ASSIGNMENT
Reproduce the listing that follows in full. Omit its images.

DATA SECTION
·····

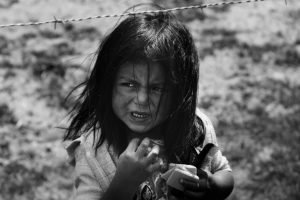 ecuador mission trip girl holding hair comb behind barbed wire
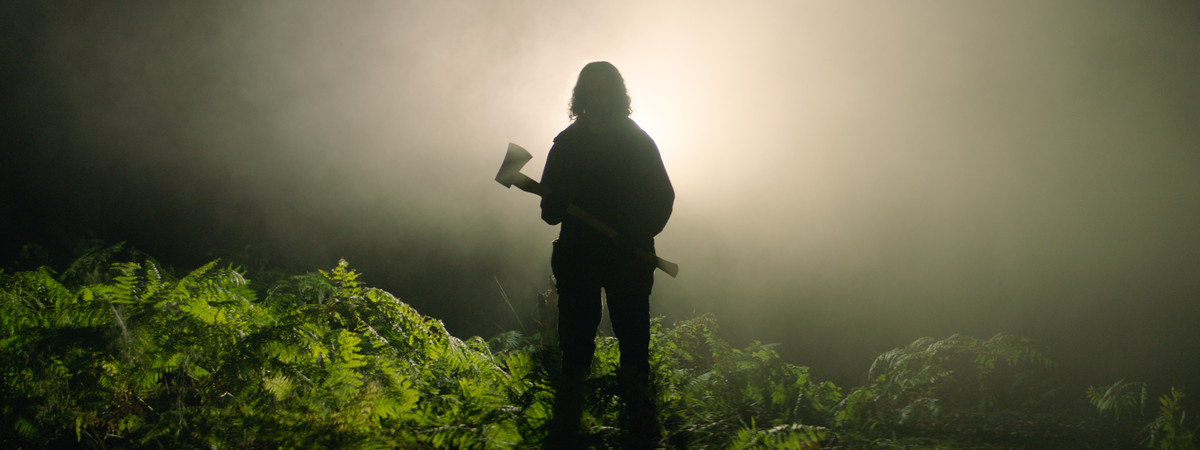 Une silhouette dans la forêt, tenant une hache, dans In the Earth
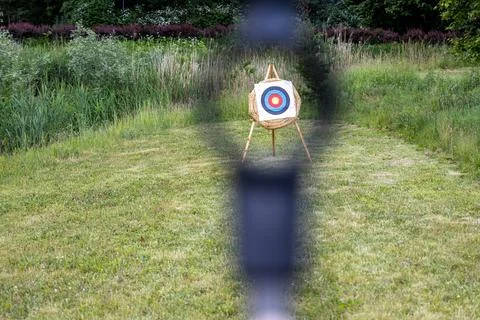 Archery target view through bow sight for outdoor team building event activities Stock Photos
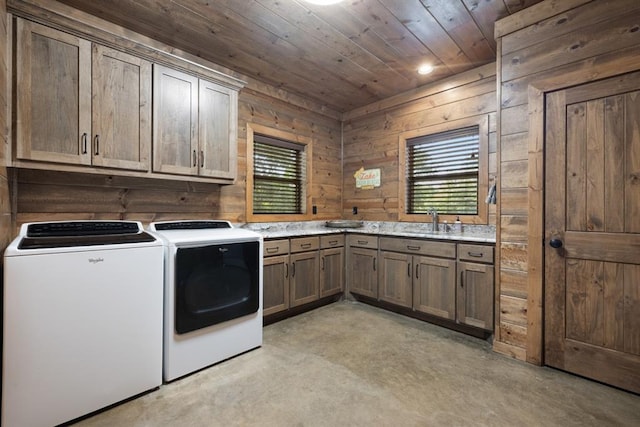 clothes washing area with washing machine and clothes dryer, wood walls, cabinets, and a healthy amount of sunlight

·····

ANSWER SPACE
 ecuador mission trip girl holding hair comb behind barbed wire
 Une silhouette dans la forêt, tenant une hache, dans In the Earth
 Archery target view through bow sight for outdoor team building event activities Stock Photos
 clothes washing area with washing machine and clothes dryer, wood walls, cabinets, and a healthy amount of sunlight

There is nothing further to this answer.